If you install any distribution in a single file system / (what you call the root system) it will contain a number of folders including the following:
/root - the home directory of the superuser;
/home - which contains the users' home directories;
/bin, /sbin, /lib - contain the system software. i.e. that which does not run in user space;
/usr - for software that does run in user space (actually, most software), contains /usr/bin, /usr/sbin, /usr/lib.
Note that the difference between bin and sbin is that the latter contains executables which only the superuser can run.
There are also /opt and /usr/local (with /usr/local/bin, /usr/local/lib) which are generally used for software from outside the distribution. For example, if you install Adobe Reader from Slackware, the executable will probably go in /usr/bin; if you download it from Adobe, then the files will probably finish up in /opt.
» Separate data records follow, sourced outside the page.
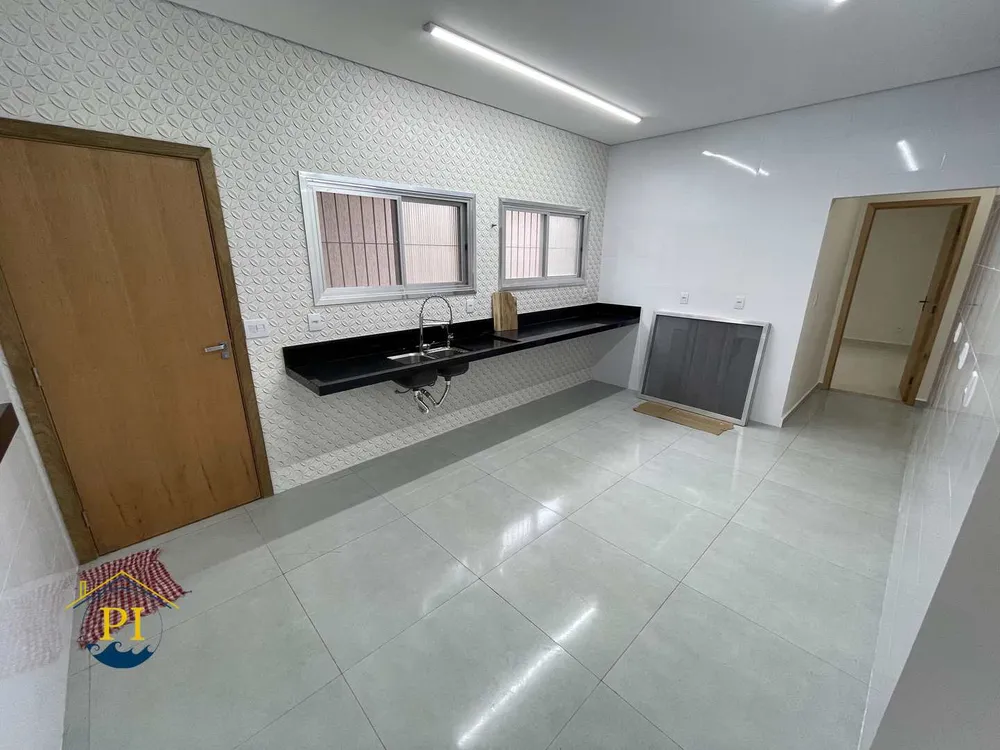 Casa, 3 quartos, 154 m² - Foto 21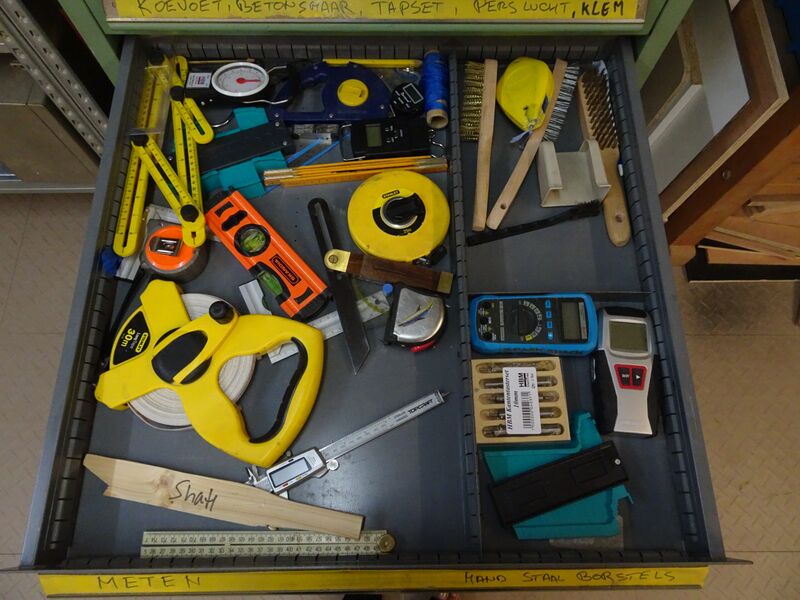 File:Werkplaats drawer 5.jpg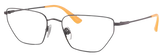 Occhiali da vista Vogue Eyewear VO4317
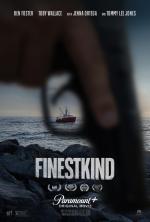 Finestkind 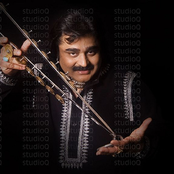 Arif Lohar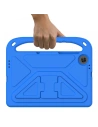 Hurtownia GSM - Etui Tech-Protect Kidscase Lenovo Tab M10 10.1 2nd Gen Blue - THP830BLU - {ean13} - Hurt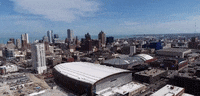 wisconsin GIF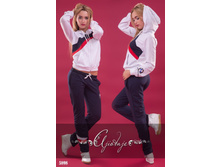 ������ - 5898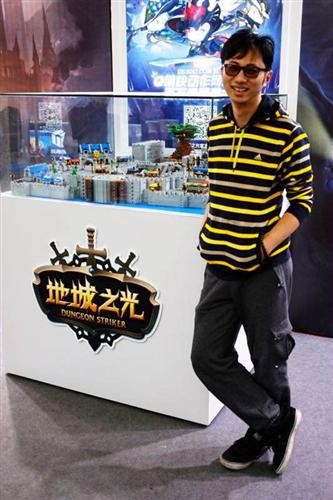 {{keywords}}最新图片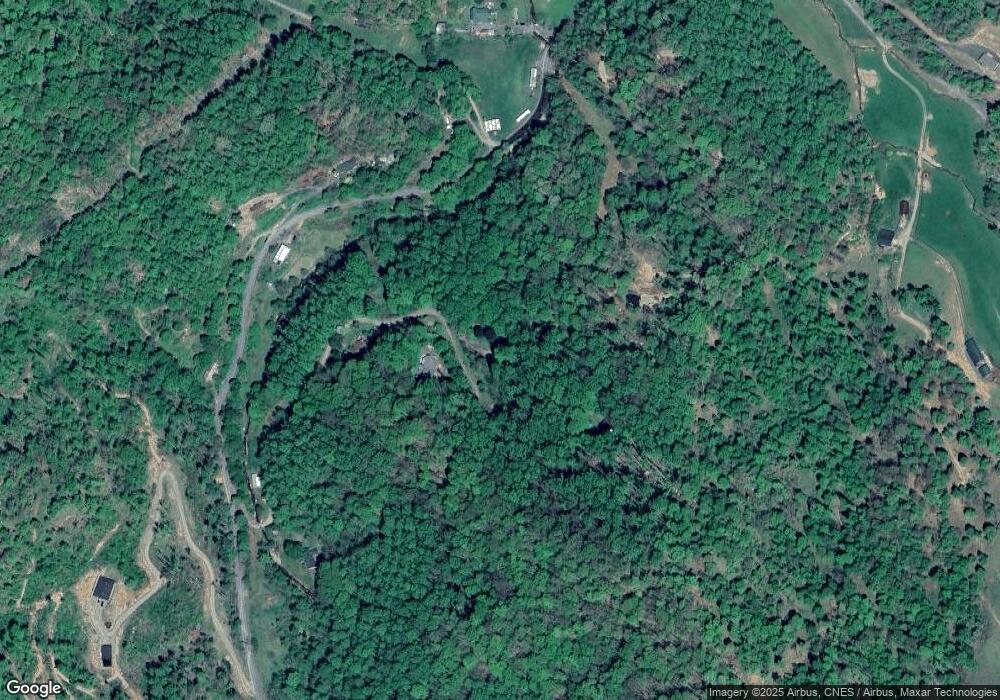 249 Beech Nut Dr, Burnsville, NC 28714 - photo 1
Similarly, if you download and compile software, the makefiles usually direct the output files to /usr/local, though this can be changed.
The problem is that if you reinstall the distribution, possibly updated, all will be overwritten and any non-distribution stuff lost. However, there is a way round. If you, for example, nominate a separate partition as /home, then the original folder /home will always be empty but the designated partition will be automatically mounted on it and will contain the user files. Now, if you reinstall, you can instruct the installer to use this partition as /home but not format it and thus preserve the old user files. You can do the same with /usr/local, so that /usr/local/bin etc. will be created on the new partition, and thus preserve the non-distribution stuff; whether you do so depends on whether you are likely to have anything to preserve.
Notice that installing software in any folder under /opt or /usr requires superuser permission and is available to all users. However, user files also contain /bin and /lib; users can normally install and run software here without permission, but it is only available to the specific user.